● **MATERIAL PROVIDED**:
↓↓↓

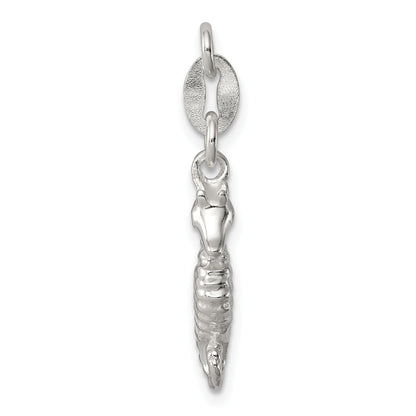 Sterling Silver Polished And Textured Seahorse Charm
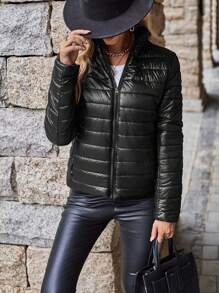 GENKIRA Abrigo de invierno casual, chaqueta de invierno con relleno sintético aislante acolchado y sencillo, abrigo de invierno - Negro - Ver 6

↑↑↑
↓↓↓

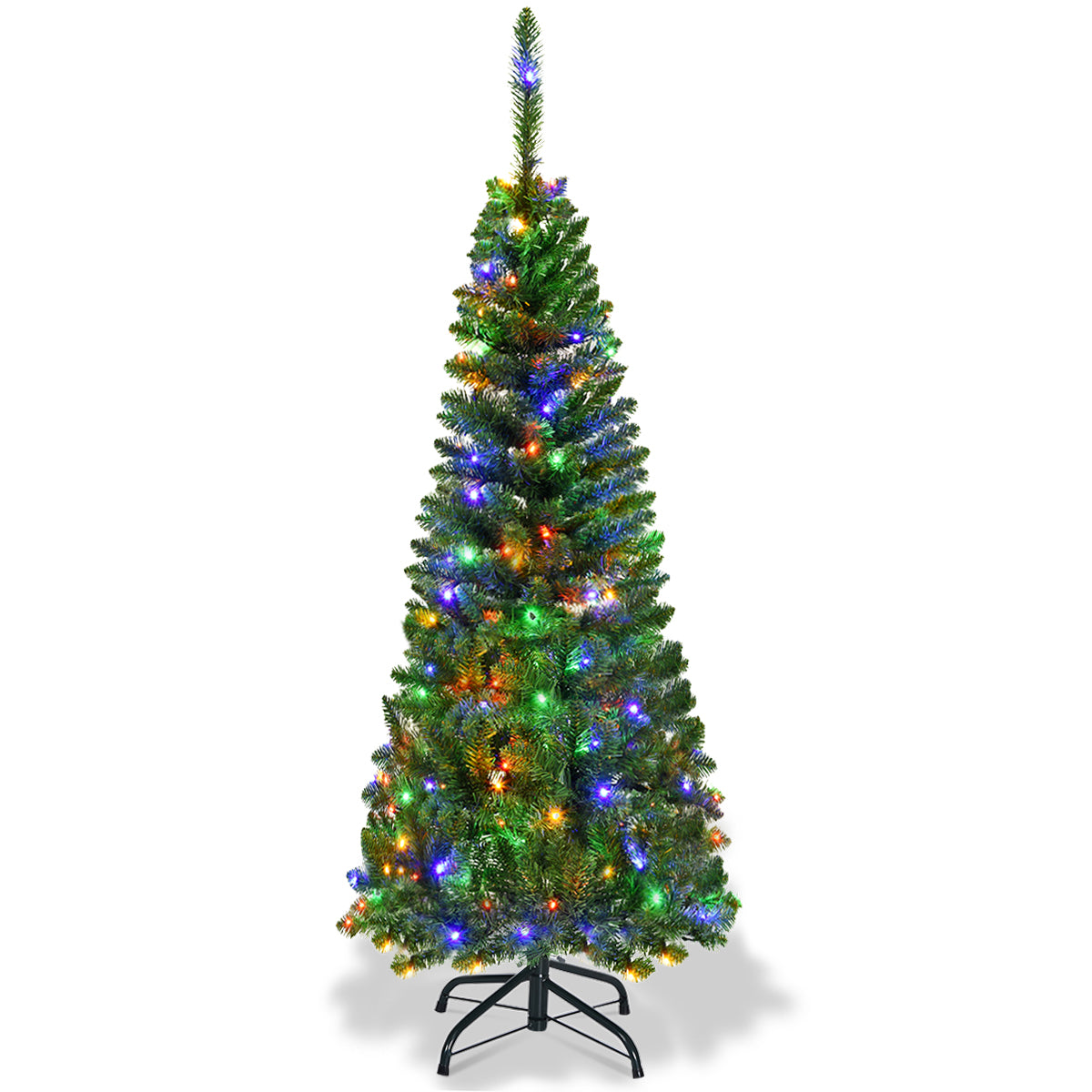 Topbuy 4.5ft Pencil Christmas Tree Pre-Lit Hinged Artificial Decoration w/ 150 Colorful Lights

↑↑↑
↓↓↓

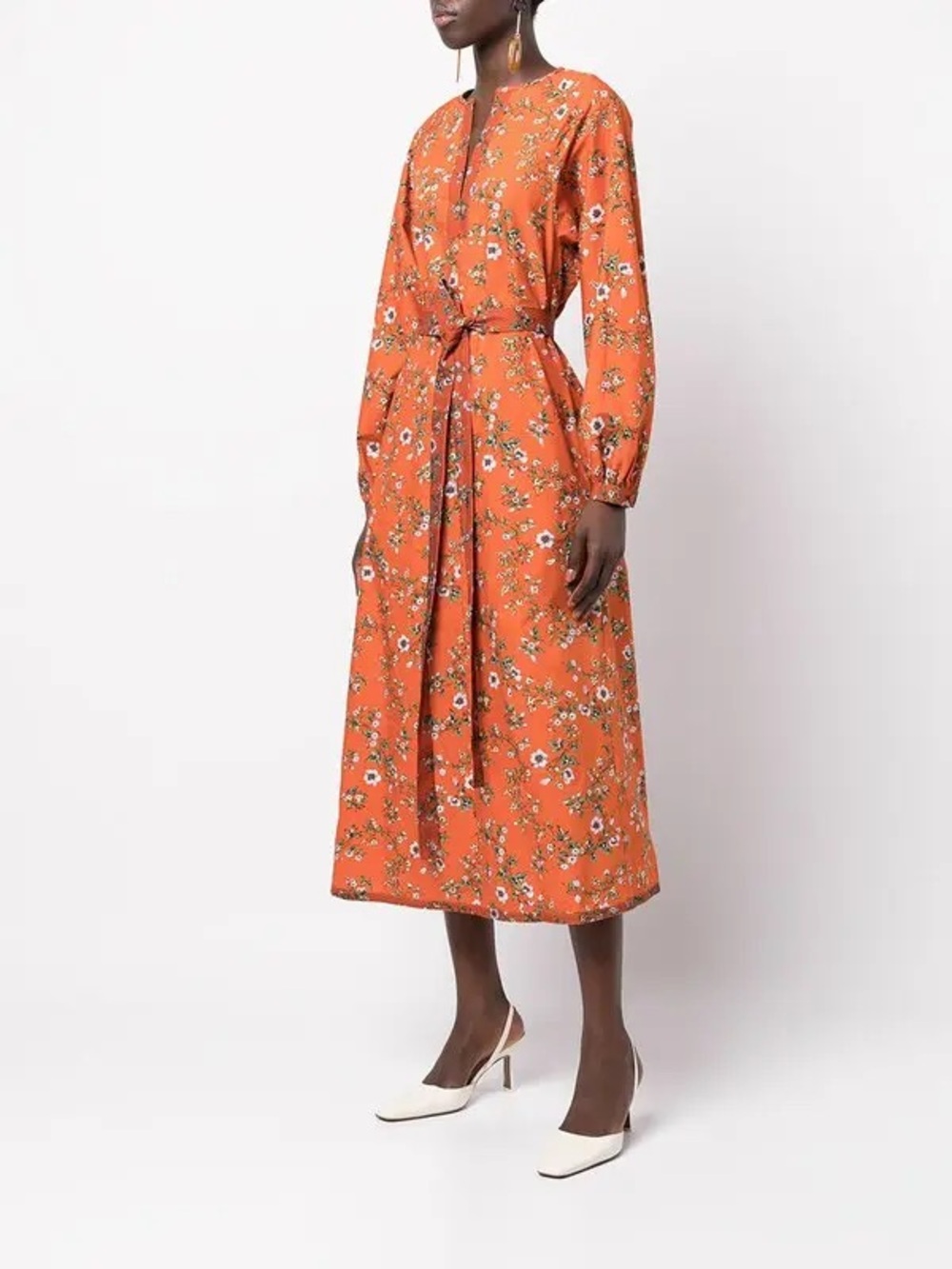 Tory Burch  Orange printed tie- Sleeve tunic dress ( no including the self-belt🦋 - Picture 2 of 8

↑↑↑

● **WHAT YOU SHOULD DO**: Only one stretch of the listing is wanted: the lines starting at the one with "Sterling Silver Polished" and ending at the one with "GENKIRA Abrigo de", copied exactly and free of pictures.

● **ANSWER AREA**:
 Sterling Silver Polished And Textured Seahorse Charm
 GENKIRA Abrigo de invierno casual, chaqueta de invierno con relleno sintético aislante acolchado y sencillo, abrigo de invierno - Negro - Ver 6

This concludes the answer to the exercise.